Thus, "Pastor" Jimenez's virulently vile remarks against the Orlando victims and against LGBT individuals in general arise from complex internal and environmental conditions for which he can't rightly be blamed and for which he, therefore, shouldn't be despised and vindictively persecuted. Instead, we should feel compassion for him as a victim of those conditions even as we condemn his remarks.

But then how should this condemnation of his remarks play out? That is, how should we voice our condemnation, and what should we seek to accomplish with it?

I think this guy has amply proven himself unfit to be preaching the Christian gospel. But is that my call, as a non-Christian, to make? Should individual Christians and the Christian community as a whole take a public stand against this pastor's words and against his pastoral fitness the way many Christians say that all Muslims should publicly condemn all atrocities and hate speech coming from radical Muslims?

So far, I don't see any Christian uprising against this guy, and I'd be very surprised if I ever do.
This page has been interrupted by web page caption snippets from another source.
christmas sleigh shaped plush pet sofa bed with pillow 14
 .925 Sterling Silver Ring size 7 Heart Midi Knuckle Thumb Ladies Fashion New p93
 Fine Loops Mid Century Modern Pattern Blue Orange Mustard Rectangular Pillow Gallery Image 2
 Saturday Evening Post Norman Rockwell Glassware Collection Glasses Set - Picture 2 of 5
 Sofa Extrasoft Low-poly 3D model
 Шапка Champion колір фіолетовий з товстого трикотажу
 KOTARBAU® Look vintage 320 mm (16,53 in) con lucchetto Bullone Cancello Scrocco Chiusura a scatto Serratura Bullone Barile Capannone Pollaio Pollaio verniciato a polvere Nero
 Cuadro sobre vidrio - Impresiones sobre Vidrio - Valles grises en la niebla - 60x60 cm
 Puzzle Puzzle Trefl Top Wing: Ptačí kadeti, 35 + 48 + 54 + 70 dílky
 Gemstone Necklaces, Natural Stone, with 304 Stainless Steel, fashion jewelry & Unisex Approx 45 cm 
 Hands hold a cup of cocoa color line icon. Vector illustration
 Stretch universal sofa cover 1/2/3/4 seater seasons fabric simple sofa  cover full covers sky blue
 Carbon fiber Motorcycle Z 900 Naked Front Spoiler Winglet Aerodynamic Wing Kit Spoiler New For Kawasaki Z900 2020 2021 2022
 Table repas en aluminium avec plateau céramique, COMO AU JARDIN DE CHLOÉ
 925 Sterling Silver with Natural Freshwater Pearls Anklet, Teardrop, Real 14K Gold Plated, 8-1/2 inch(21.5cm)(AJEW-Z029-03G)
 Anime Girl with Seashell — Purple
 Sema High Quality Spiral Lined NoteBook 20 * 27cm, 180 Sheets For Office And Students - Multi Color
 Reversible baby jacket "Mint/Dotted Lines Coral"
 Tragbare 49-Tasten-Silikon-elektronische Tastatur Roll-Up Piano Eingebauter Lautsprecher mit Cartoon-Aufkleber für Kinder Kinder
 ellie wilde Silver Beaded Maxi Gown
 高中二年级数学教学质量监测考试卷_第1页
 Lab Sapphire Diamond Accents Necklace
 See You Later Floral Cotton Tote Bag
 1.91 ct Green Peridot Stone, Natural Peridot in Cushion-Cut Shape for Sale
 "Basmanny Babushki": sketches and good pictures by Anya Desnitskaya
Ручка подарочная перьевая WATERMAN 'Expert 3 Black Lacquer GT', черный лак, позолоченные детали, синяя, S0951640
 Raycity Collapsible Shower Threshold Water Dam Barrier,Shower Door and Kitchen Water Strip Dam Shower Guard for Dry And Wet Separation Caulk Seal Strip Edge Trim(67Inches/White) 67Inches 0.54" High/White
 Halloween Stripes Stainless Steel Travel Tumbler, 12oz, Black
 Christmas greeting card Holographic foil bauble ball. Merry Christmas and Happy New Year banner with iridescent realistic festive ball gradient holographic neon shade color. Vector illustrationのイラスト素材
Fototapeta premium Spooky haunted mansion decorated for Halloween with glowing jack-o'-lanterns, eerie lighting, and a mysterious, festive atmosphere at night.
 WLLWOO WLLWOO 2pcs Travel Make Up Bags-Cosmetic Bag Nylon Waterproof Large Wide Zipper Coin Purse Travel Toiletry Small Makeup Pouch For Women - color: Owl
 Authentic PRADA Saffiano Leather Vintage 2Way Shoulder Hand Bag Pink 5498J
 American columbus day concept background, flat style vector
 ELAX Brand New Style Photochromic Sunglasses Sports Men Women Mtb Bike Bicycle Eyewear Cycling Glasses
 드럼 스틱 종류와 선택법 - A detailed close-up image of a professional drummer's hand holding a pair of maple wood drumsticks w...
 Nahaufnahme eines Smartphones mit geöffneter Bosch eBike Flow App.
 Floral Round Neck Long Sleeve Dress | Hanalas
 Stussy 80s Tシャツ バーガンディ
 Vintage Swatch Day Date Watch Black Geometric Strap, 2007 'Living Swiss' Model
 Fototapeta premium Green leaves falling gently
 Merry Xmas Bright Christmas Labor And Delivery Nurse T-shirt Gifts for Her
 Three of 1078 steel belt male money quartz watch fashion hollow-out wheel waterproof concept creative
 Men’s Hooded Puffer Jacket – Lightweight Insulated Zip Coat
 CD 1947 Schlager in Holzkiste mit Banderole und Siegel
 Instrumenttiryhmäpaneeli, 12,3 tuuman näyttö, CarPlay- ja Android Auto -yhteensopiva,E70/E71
I asked one prominent Christian apologist in the GOD group what he thinks about this. He may surprise me, but I expect a tepid response from him at best.

Should the federal government, as some have suggested, revoke the tax-exempt status of Jimenez's church, and, if so, under what legal provisions?

I think individual Christians and the Christian community as a whole should condemn this man's virulent message of hate in the strongest terms. If they fail to do so, I'd consider them worse than remiss. I'd consider them enablers of malignant hatred in a Christian guise.

And who knows to what future acts of horrendous violence the propagation and perpetuation of such hatred could lead?